**YOUR INSTRUCTIONS**
Without any of the pictures, transcribe all the lines below exactly.
● ● ● ●
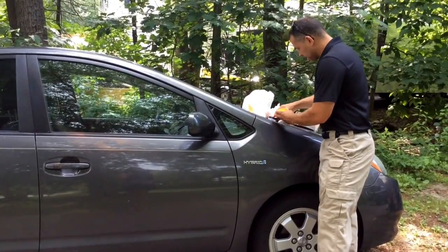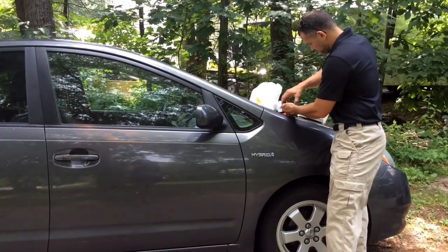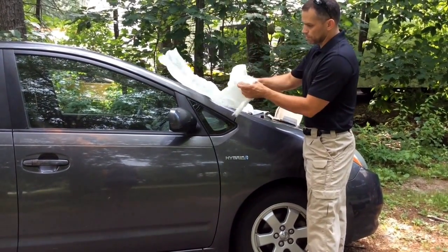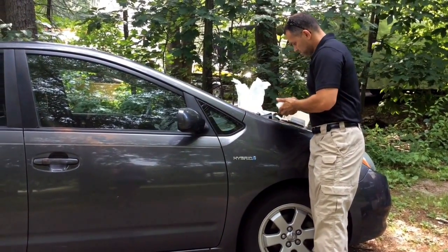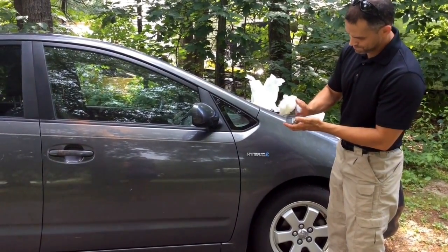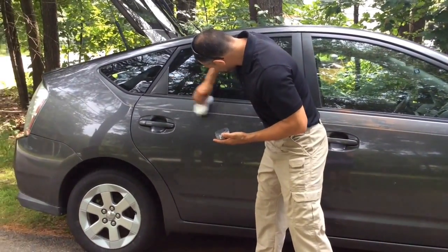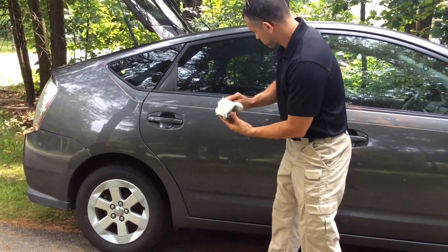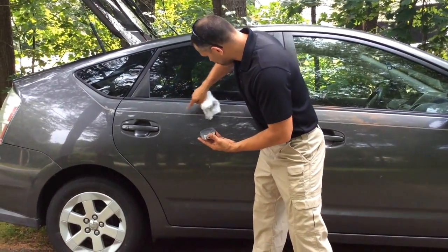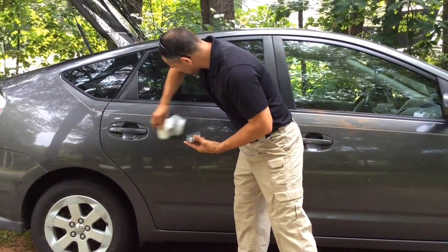Now I'm going to switch colors just to show the contrast. Now I'll use a gray powder. Same thing — I'm going to rip a piece of cotton and just go ahead and dust. You can see some beautiful fingerprints showing up on our door.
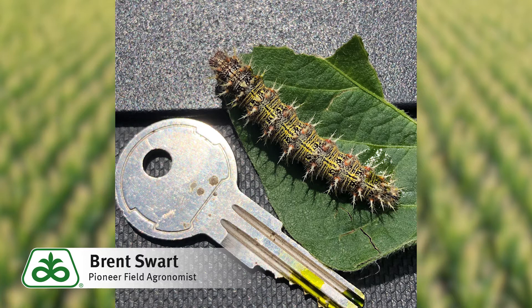When the thistle caterpillars move into the Midwest from the southern U.S., they're flown up here in the moth form known as the painted lady butterfly. The painted lady butterfly looks similar to a monarch butterfly except they tend to be slightly smaller and they have more olive coloration on their inner wings closer to their body.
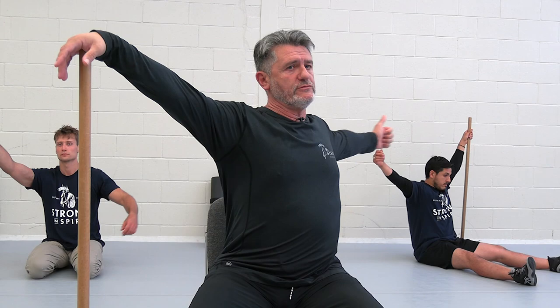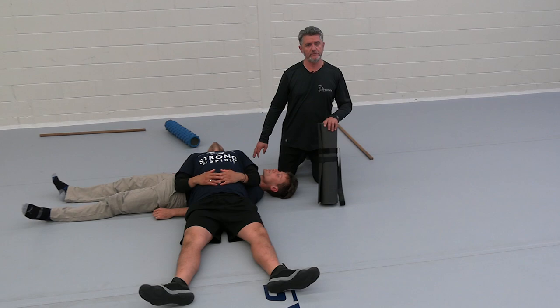Arms should be relaxed, lungs should be open. And again, inhale — you start to stretch yourself — exhale.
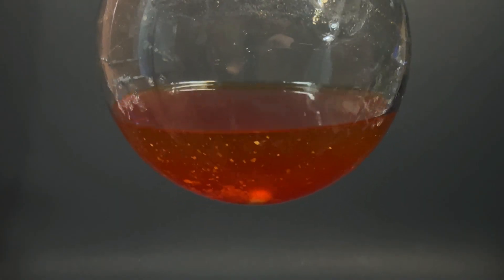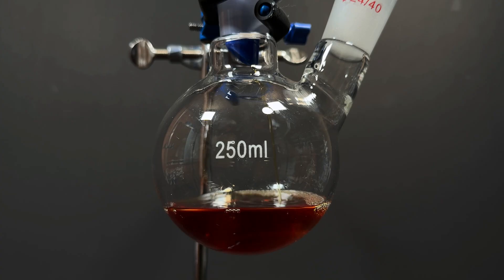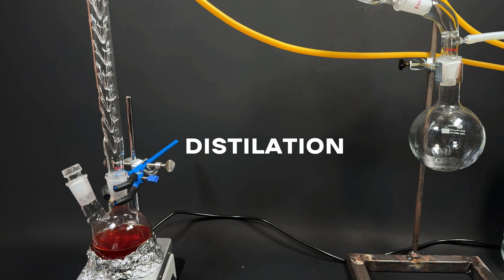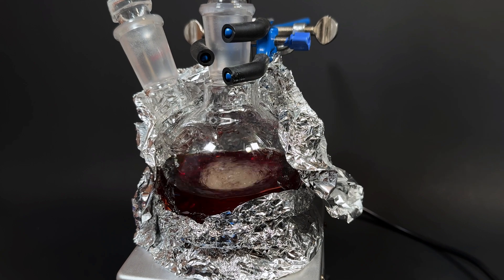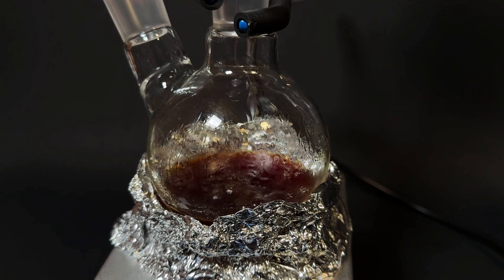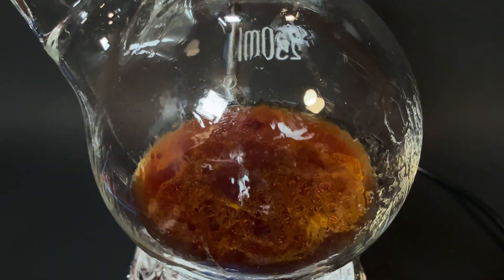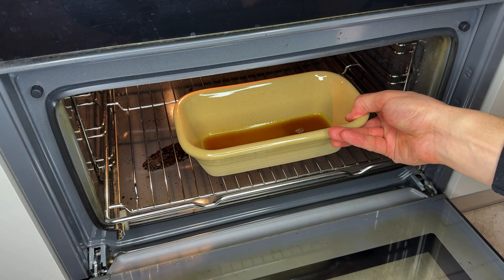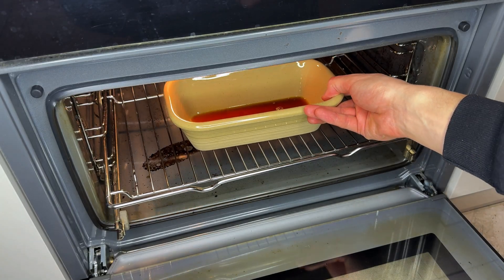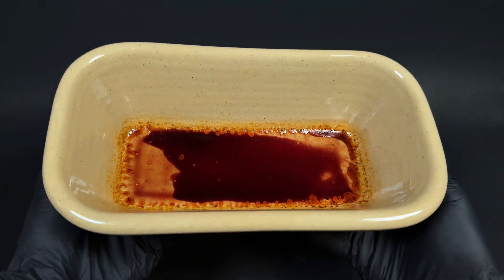I transfer the extract into a second flask, but first I filter it through cotton to remove any small particles from the solution. Next stop: distillation. Assemble the distillation setup and turn on the heat. The ethanol evaporates, passes through the condenser where it cools and drips into the receiving flask. What's left is a thicker concentrate, with the ethanol gradually evaporating — but we do not let it fully dry out. I transfer the remaining liquid into a tray and pop it into the oven at 50 degrees Celsius for a few hours. In the end, we are left with a thick resin with traces of essential oil.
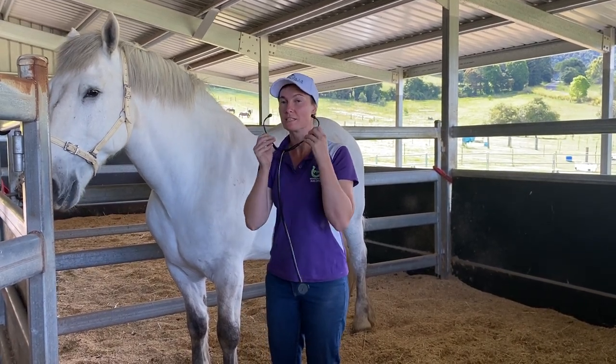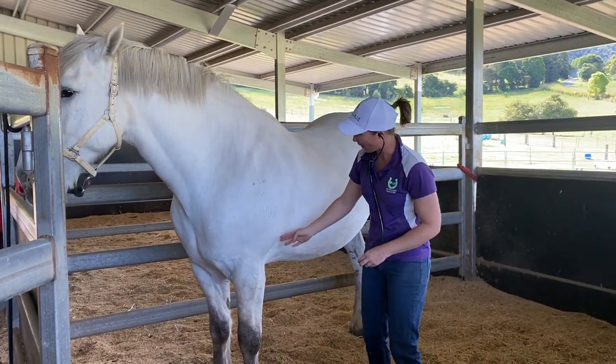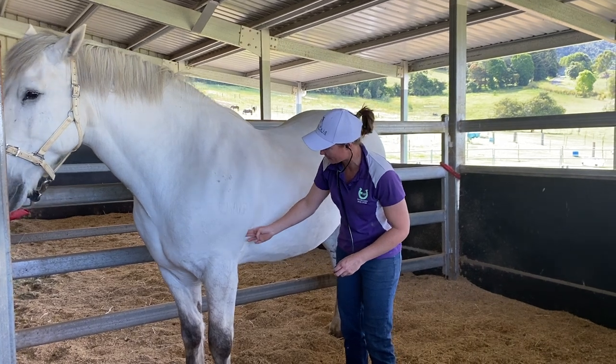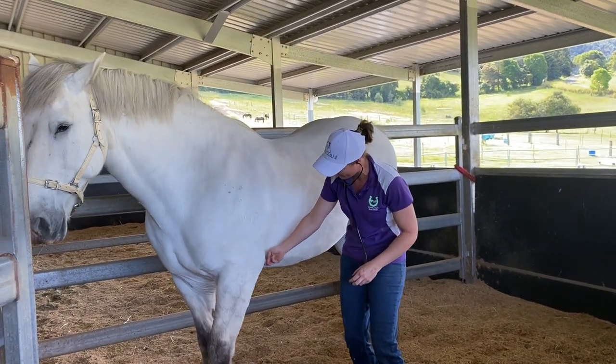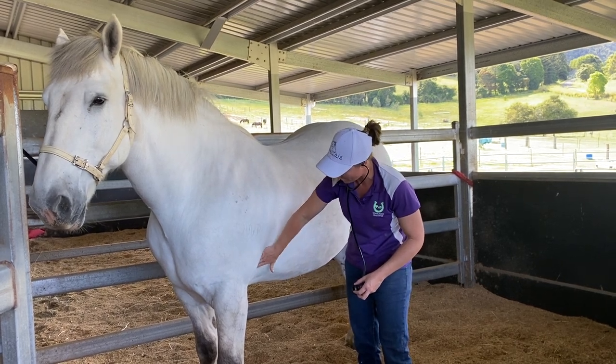Place your earpieces within your ears like so. When you want to listen to your horse's heart, you need to find your horse's elbow. You can see on this gelding he's a little fat, but he's just going to show us just here. And put your stethoscope against the thoracic wall, so the wall of his chest.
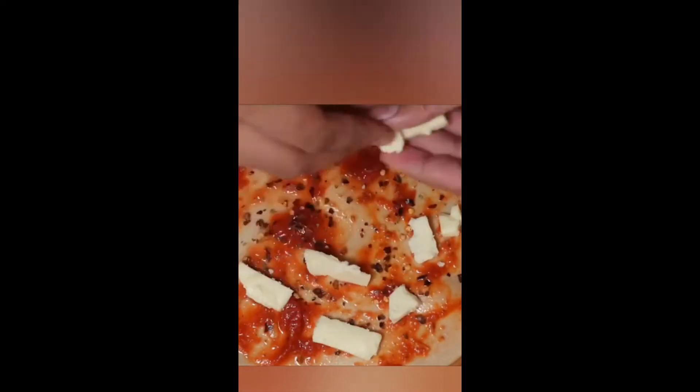We are going to add pizza sauce. We will add ketchup and chili flakes. We will add cheese.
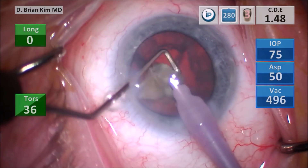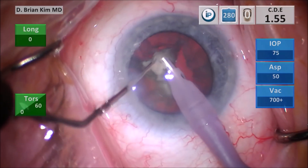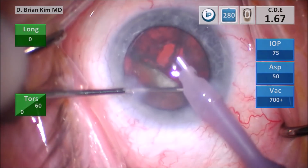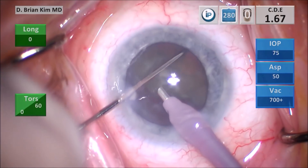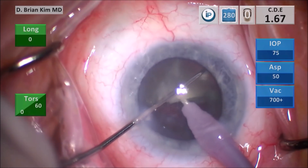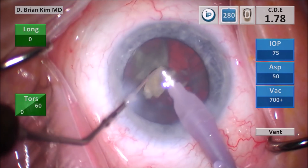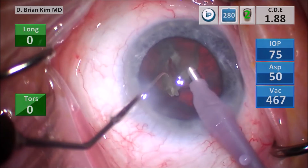The key is to direct the lens material between the two instruments — you're crushing, and once you're getting the pieces small enough, you go ahead and emulsify the lens material. I'm pulsing the phaco tip and the vacuum as I go. I'm spinning this last hemi-nucleus in front of me and placing the chopper out to the equator. I'm going to place the phaco tip pretty deep in the capsular bag. As I crush the lens material, bringing the instruments together, it breaks up very nicely.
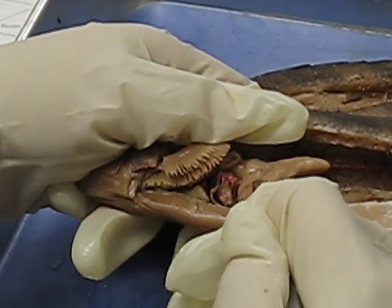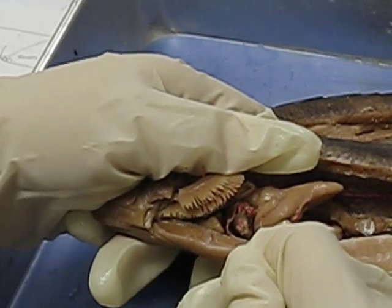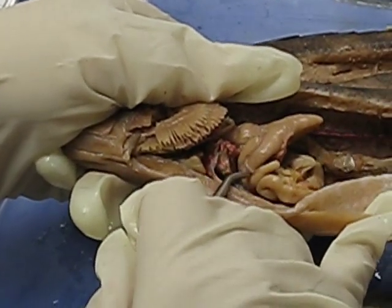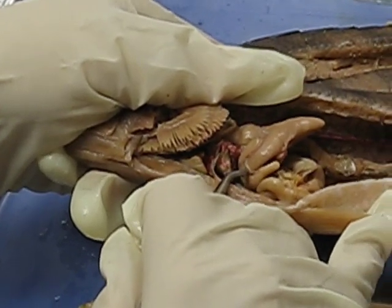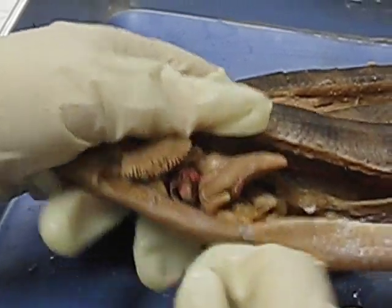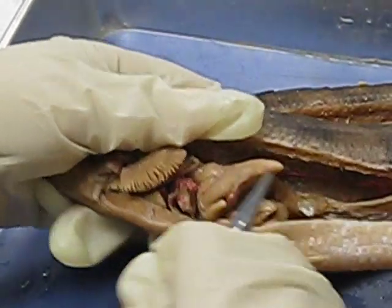The pyloric ceca covers the entire pyloric portion of the stomach. At the base — the U-base right here — this is the pyloric sphincter. It controls the contraction of the stomach, kind of like your anal sphincter.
● ● ● ●
**RESULT OF THE EXERCISE**
Now I'm going to switch colors just to show the contrast. Now I'll use a gray powder. Same thing — I'm going to rip a piece of cotton and just go ahead and dust. You can see some beautiful fingerprints showing up on our door.
When the thistle caterpillars move into the Midwest from the southern U.S., they're flown up here in the moth form known as the painted lady butterfly. The painted lady butterfly looks similar to a monarch butterfly except they tend to be slightly smaller and they have more olive coloration on their inner wings closer to their body.
Arms should be relaxed, lungs should be open. And again, inhale — you start to stretch yourself — exhale.
I transfer the extract into a second flask, but first I filter it through cotton to remove any small particles from the solution. Next stop: distillation. Assemble the distillation setup and turn on the heat. The ethanol evaporates, passes through the condenser where it cools and drips into the receiving flask. What's left is a thicker concentrate, with the ethanol gradually evaporating — but we do not let it fully dry out. I transfer the remaining liquid into a tray and pop it into the oven at 50 degrees Celsius for a few hours. In the end, we are left with a thick resin with traces of essential oil.
Place your earpieces within your ears like so. When you want to listen to your horse's heart, you need to find your horse's elbow. You can see on this gelding he's a little fat, but he's just going to show us just here. And put your stethoscope against the thoracic wall, so the wall of his chest.
We are going to add pizza sauce. We will add ketchup and chili flakes. We will add cheese.
The key is to direct the lens material between the two instruments — you're crushing, and once you're getting the pieces small enough, you go ahead and emulsify the lens material. I'm pulsing the phaco tip and the vacuum as I go. I'm spinning this last hemi-nucleus in front of me and placing the chopper out to the equator. I'm going to place the phaco tip pretty deep in the capsular bag. As I crush the lens material, bringing the instruments together, it breaks up very nicely.
The pyloric ceca covers the entire pyloric portion of the stomach. At the base — the U-base right here — this is the pyloric sphincter. It controls the contraction of the stomach, kind of like your anal sphincter.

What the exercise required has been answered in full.